In those three games, all defeats, Howard's averaged 23.7 points, 21 rebounds, and 2 blocks. But Van Gundy praised his star center's performance against Dallas as his finest of late.
Earl Clark ranks as, by far, the least-known commodity the Magic acquired in their series of trades over the weekend.
"I'm not that familiar with Earl Clark," Magic guard J.J. Redick said the night the trades happened. "I don't know a whole lot [about Clark]," Van Gundy said last night, just after announcing Clark would probably get a chance to play against the Dallas Mavericks due to injuries to Malik Allen, Ryan Anderson, and Daniel Orton.
But in his 13-minute debut with the team, Clark showed flashes of the all-around skill that prompted the Phoenix Suns to use the 14th overall draft pick last season on the former Louisville Cardinal. Though held without a rebound, Clark shot 3-of-3 from the floor for 6 points, and added an impressive drive-and-dish assist to Brandon Bass for a jam. At 6-foot-10 with an above-average handle and great athleticism, Clark has the physical tools necessary to become an impact player for Orlando down the line. Co-captain Jameer Nelson liked what he saw.
"He just was out there with a lot of energy, and their defense lost him because of his energy. He was all over the place, slashing to the basket, doing things that made his defense miss him," said Nelson, who added that Clark still needs work on his own defense. But Nelson is confident Clark will understand that end of the court soon enough. "He seems like a smart guy and willing to learn, and a coachable guy."

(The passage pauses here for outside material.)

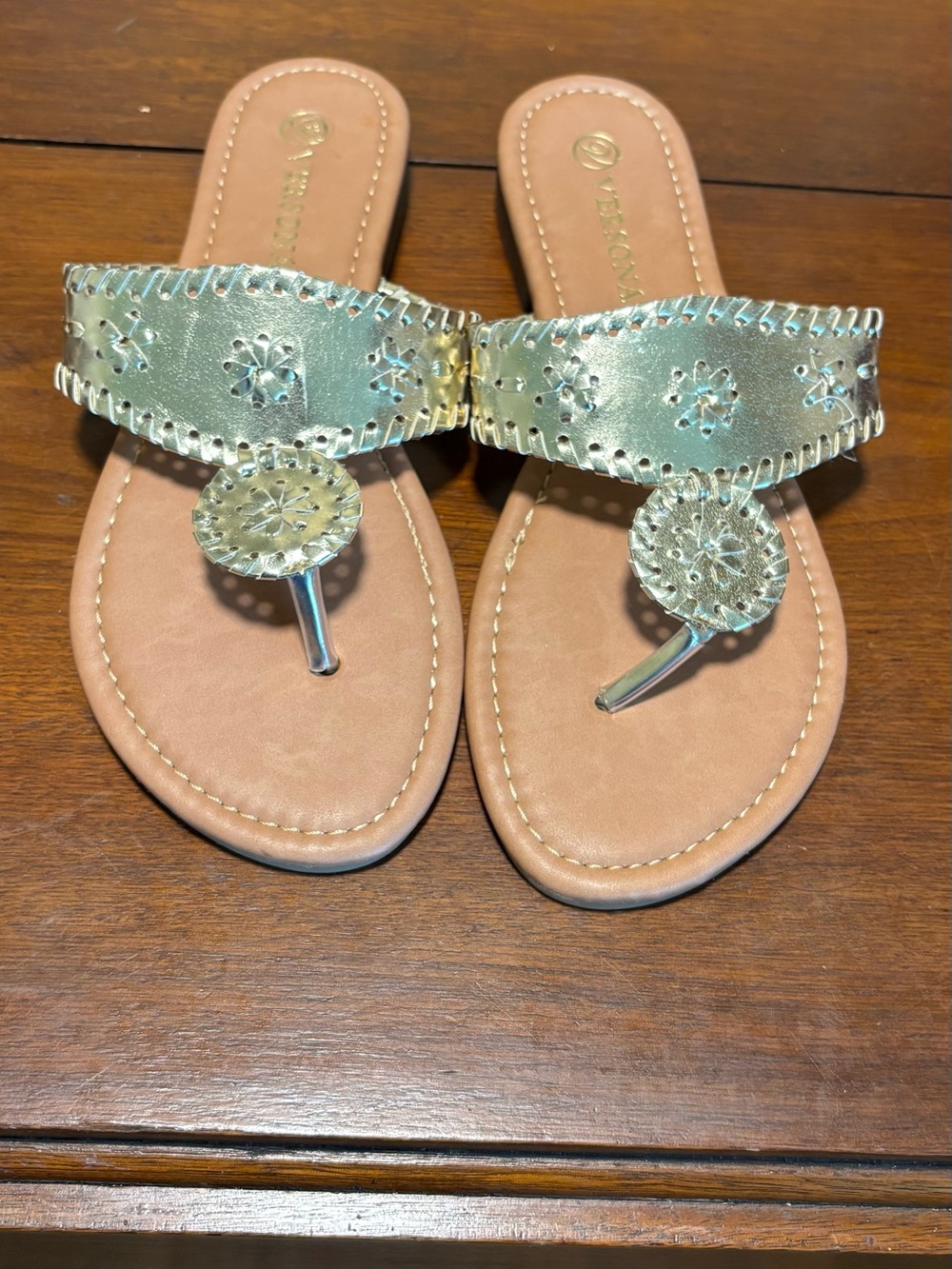 Versona Women’s Rondelle Whipstitched Thong Sandals Faux Leather Gold Size 9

Clark accounted for 3 of the 10 baskets the four Magic newcomers made last night. Not bad for a player most analysts regarded as a throw-in to Orlando's trade with Phoenix.
Van Gundy doesn't know how much time he'll need to properly integrate the newcomers with the squad--"It's going to take as long as it takes," he said--but he has an idea of how Orlando's trades will affect the point guard rotation.
"It's going to be tough right now," Van Gundy said. "I don't see a way to play--at least on a nightly basis--Jameer and Gilbert [Arenas] and J.J. [Redick] and Jason Richardson and one of those point guards [Chris Duhon and Jason Williams]. I don't see how that can be done."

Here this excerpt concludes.